Le besoin d'échanger avec l'autre est incarné par cette auto-stoppeuse simple d'esprit et indiscrète (comme nous le sommes en tant que spectateurs) qui ignore les usages restrictifs des rapports humains, sollicitant l'attention avec insistance et naïveté. Elle s'en fera sévèrement corriger car on ne change pas ainsi les règles d'un système établi et basé sur les rapports de force. Le sujet d'étude qui s'en tire le mieux est en fait ce retraité maniaque et autoritaire. Il incarne la facette conservatrice de cet univers sclérosé, on serait même tenté de dire qu'il en est l'initiateur en digne représentant de la génération qui l'a mis en place. Egoïste et dénué de toute compassion, il dirige son entourage selon ses besoins, usant de sa position et de son argent pour faire valoir ses droits. Se complaisant dans le confort contrôlé, aucune évolution ne s'impose à lui, son âge limitant ses aspirations au delà de sa propre survie.
La vieillesse triomphante dans un monde décadent? C'est un peu le parti pris qui ôte un pan d'objectivité dans la vision de Seidl. L'avenir semble impossible, car les enfants ne sont pas là. Mais Seidl souhaite t-il vraiment montrer que le modèle peut se reproduire? Du couple il ne reste que des ruines. Divorcés mais encore scotchés ensemble, voués à se réfugier dans des actes régressifs, les parents sont résignés à ne pas accèder à la maturité à laquelle ils devraient prétendre. Comme si le jeu n'en valait plus la chandelle.

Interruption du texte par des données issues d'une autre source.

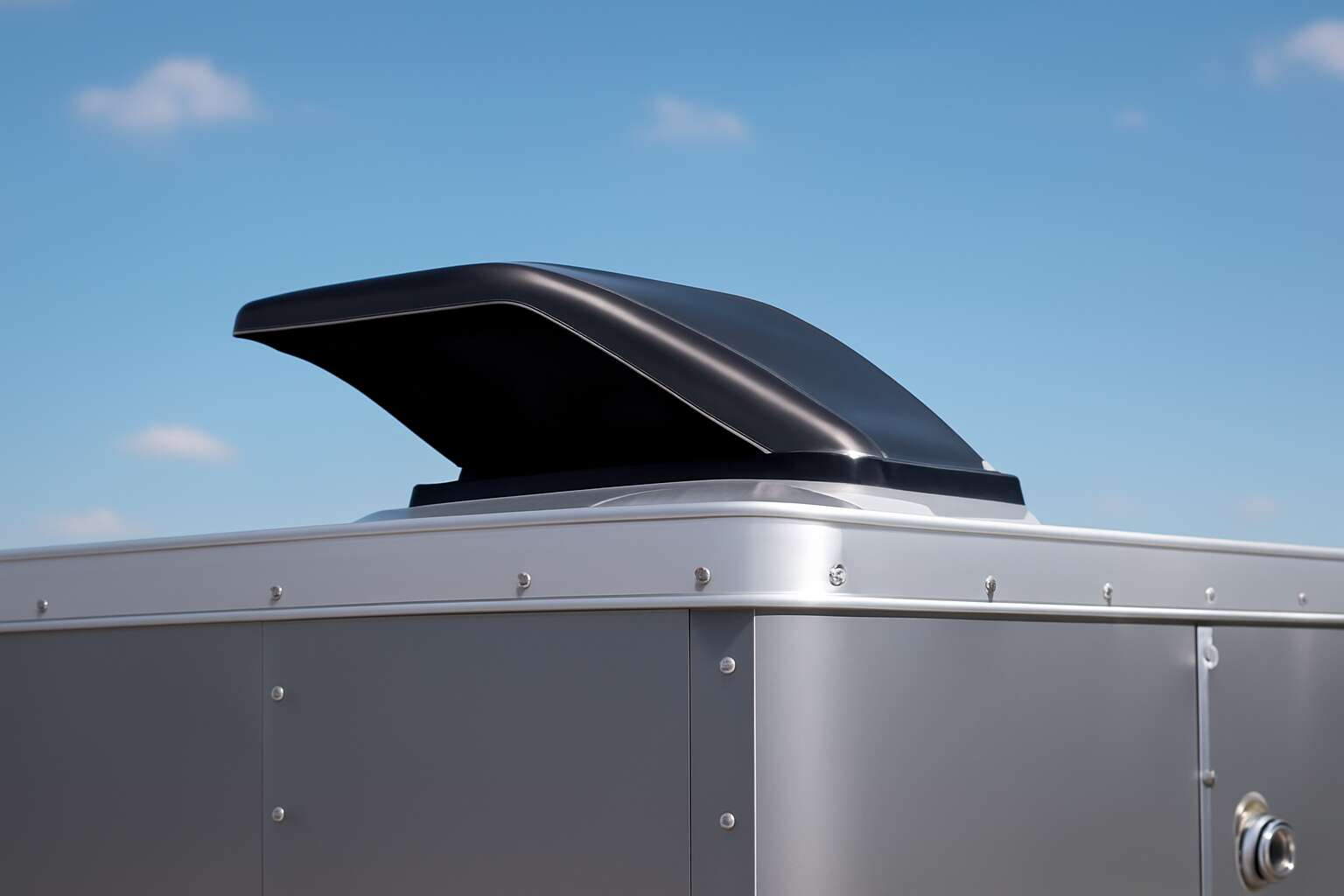roof vent for enclosed trailer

Le cinéma autrichien tient décidément un discours bien radical à l'encontre de la société actuelle. Centrés sur l'aliénation et ses souffrances, les metteurs en scène locaux nous livrent régulièrement des œuvres sombres et désespérées, déchirant l'ordinaire. On pense à Schizophrenia de Gerald Kargl, à Benny's video de Michael Haneke. L'extrémisme des représentations flagelle le protectionnisme d'un état autrichien qui pense se suffir à lui même dans ses us et coutumes.